Question regarding maximum on a unit disc

[librastar]

Homework Statement

Find the maximum of |e^z| on the closed unit disc.

Homework Equations

|e^z| is the modulus of e^z
z belongs to complex plane
Maximum Madulus Theorem - Let G be a bounded open set in complex plane and suppose f is a continuous function on G closure which is analytic in G. Then max{|f(z)|: z in G closure} = max{|f(z)|: z in boundary of G}

The Attempt at a Solution

At first glance I was thinking about using Maximum Modulus Theorem by setting f(z) = e^z and let G be a open unit disc. Clearly f(z) is analytic in G and is continuous on G closure (the closed unit disc), so I should be able to apply MMT to conclude that the modulus assumes maximum on the boundary.
However I got confused when determining how do I describe |f(z)| on the boundary, in another word, how do I determine what value of z to use?

Please let me know if my approach is right and perhaps give me some advice or hint.
I appreciate all the helps you provide.

 

[lanedance]

as on the boundary |z| = 1, how about starting by writing it in the form z = 1. e^(i theta)

 

[Coto]

Since z lies on the unit circle, we can write it as: max{|f(z)|: z in boundary of G} = max{|f(z)|: z = exp($$i\theta$$), $$\theta \in [-\pi,\pi)$$}

However, what do you know about |$$e^z$$| when $$z = e^{i\theta}$$?

 

[librastar]

Since z lies on the unit circle, we can write it as: max{|f(z)|: z in boundary of G} = max{|f(z)|: z = exp($$i\theta$$), $$\theta \in [-\pi,\pi)$$}

However, what do you know about |$$e^z$$| when $$z = e^{i\theta}$$?

I'm not sure where this is going, in this case we will just have exp(exp($$i\theta$$))?

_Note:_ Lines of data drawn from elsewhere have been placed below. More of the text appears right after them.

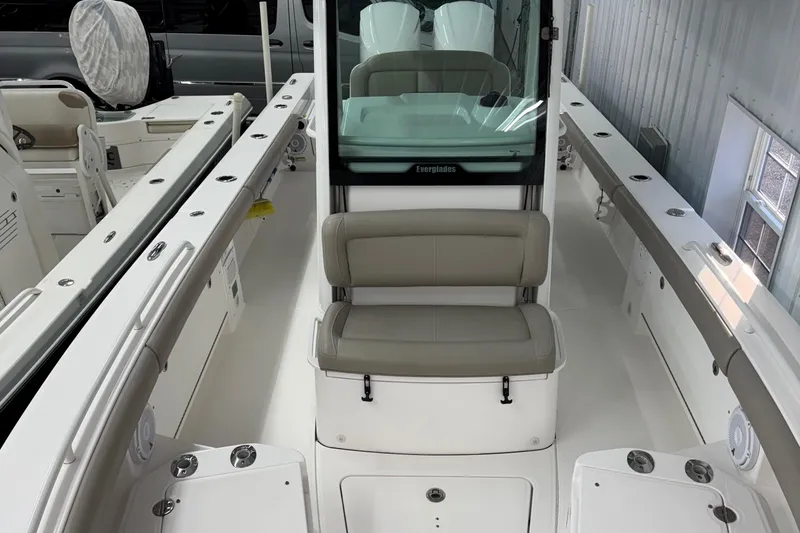 Slide: The Image of 2019 Everglades 273 Center Console boat interior with seating and console view. - 5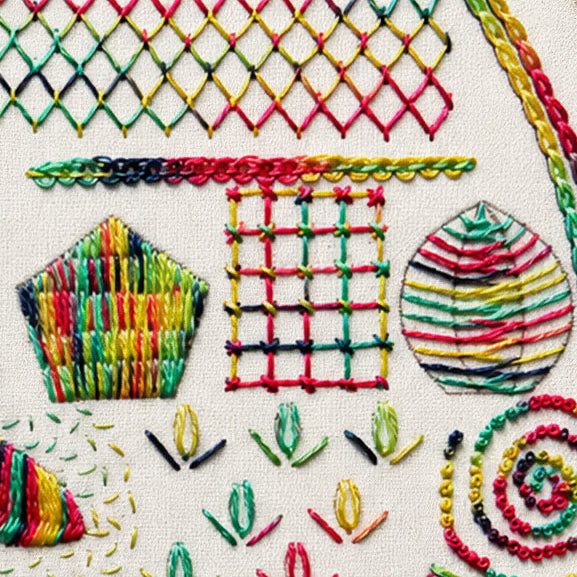 Close-up of multicolored embroidery stitched onto a cream fabric background, featuring geometric and floral motifs including a diamond lattice, a pentagon, a grid, a striped oval, and leaf shapes.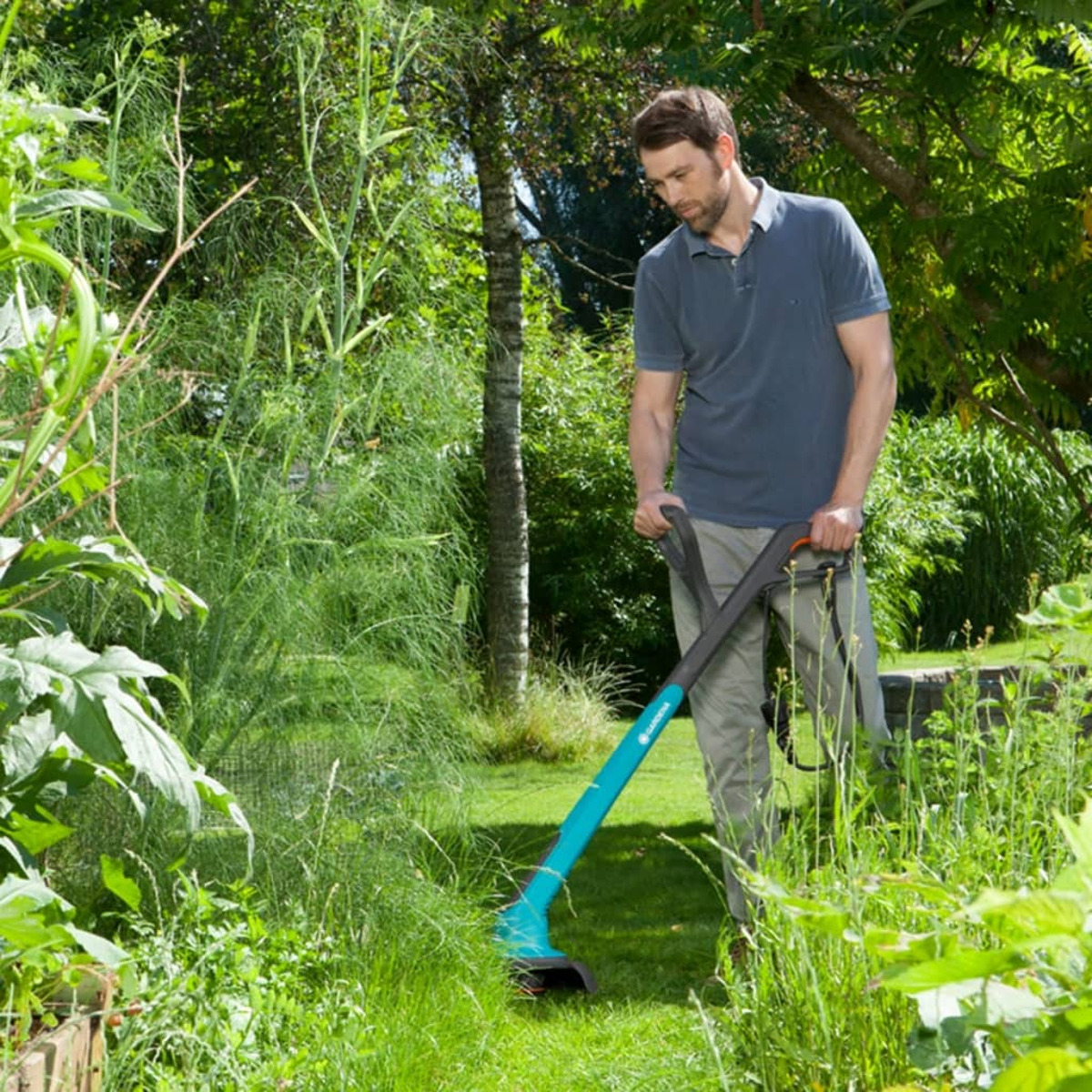 Ein Mann schneidet Gras mit einem teal-schwarzen Rasentrimmer in einem grünen Garten. Üppiges Grün umgibt ihn.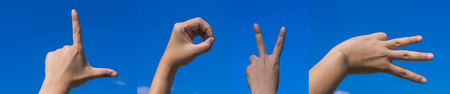 hands forming LOVE character for love with blue skyの写真素材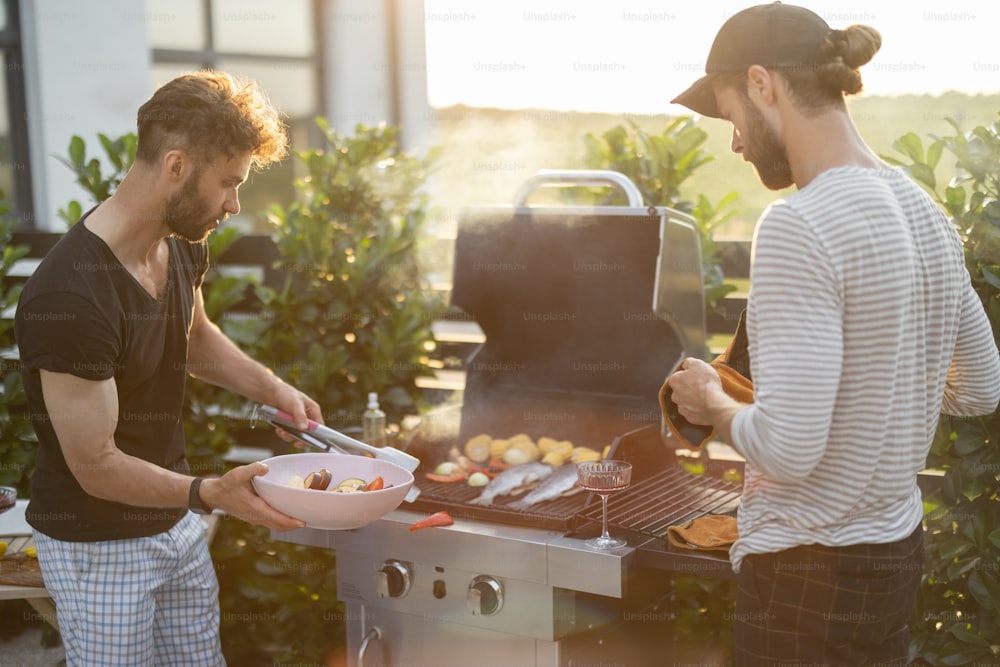 Two caucasian guys cooking vegetables and fish on a modern gas grill at backyard on a sunset. Healthy eating on the open air, male friendship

I also know that e^(i$$\theta$$) = cos($$\theta$$) + i*sin($$\theta$$), but I don't know if this will help my solution or not.

 

[Coto]

It does. Calculate explicitly the modulus of $$e^z$$ using the identity you provided above for $$e^{i\theta}$$.

 

[librastar]

It does. Calculate explicitly the modulus of $$e^z$$ using the identity you provided above for $$e^{i\theta}$$.

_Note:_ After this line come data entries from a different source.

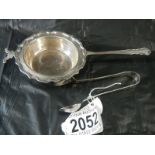A silver strainer and silver sugar nips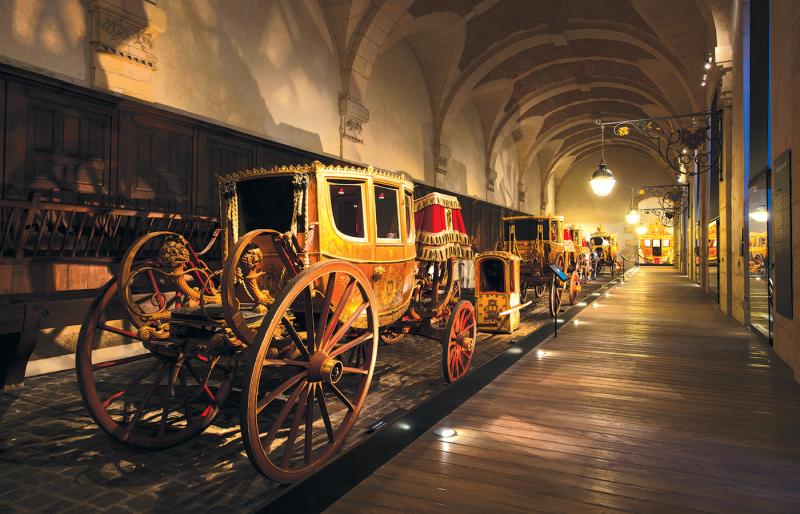The Gallery of Coaches in the Great Stables in Palace of Versailles.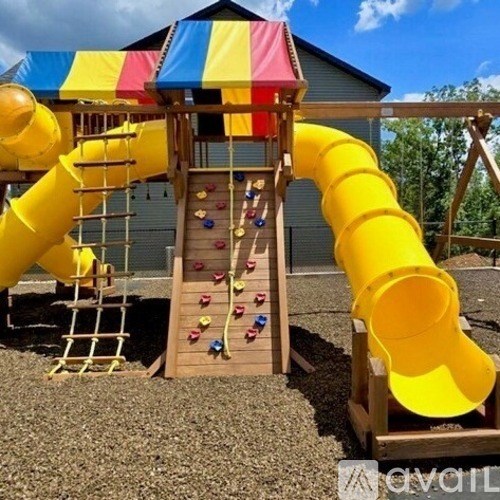 A yellow slide with a red, white and blue striped roof.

So now I have |e^{cos($$\theta$$)+isin($$\theta$$)}|

|e^{cos($$\theta$$)}*e^{isin($$\theta$$)}|
= |e^{cos($$\theta$$)}*(cos(sin($$\theta$$))+isin(sin($$\theta$$)))|

Now I don't know why I got stuck here...

 

[lanedance]

not too sure what you did there in the last step... but you need to remember the complex conjugate in the magnitude... try that before you simplify
$$|e^{ cos(\theta)}e^{i sin(\theta)}|^2 = (e^{ cos(\theta)}e^{i sin(\theta)})(e^{ cos(\theta)}e^{i sin(\theta)})^*$$

 

[librastar]

not too sure what you did there in the last step... but you need to remember the complex conjugate in the magnitude... try that before you simplify
$$|e^{ cos(\theta)}e^{i sin(\theta)}|^2 = (e^{ cos(\theta)}e^{i sin(\theta)})(e^{ cos(\theta)}e^{i sin(\theta)})^*$$

thanks for the tip.

Well, I know that (e^z)* = e^{$$z^*$$}

So I can simply $$|e^{ cos(\theta)}e^{i sin(\theta)}|^2 = (e^{ cos(\theta)}e^{i sin(\theta)})(e^{ cos(\theta)}e^{i sin(\theta)})^*$$ to:

$$(e^{ cos(\theta)}e^{i sin(\theta)})(e^{ cos(\theta)}e^{-i sin(\theta)})$$

Then by combing the exponential functions with the same exponent, then I obtain:

$$(e^{ 2cos(\theta)})$$

So after taking the square root of the whole thing,

$$|e^z| = e^ { cos(\theta)}$$

The max value of $$cos(\theta)$$ = 1

So the maximum of $$|e^z| = e$$?

 

[lanedance]

that looks good to me

 

[librastar]

that looks good to me

Thanks.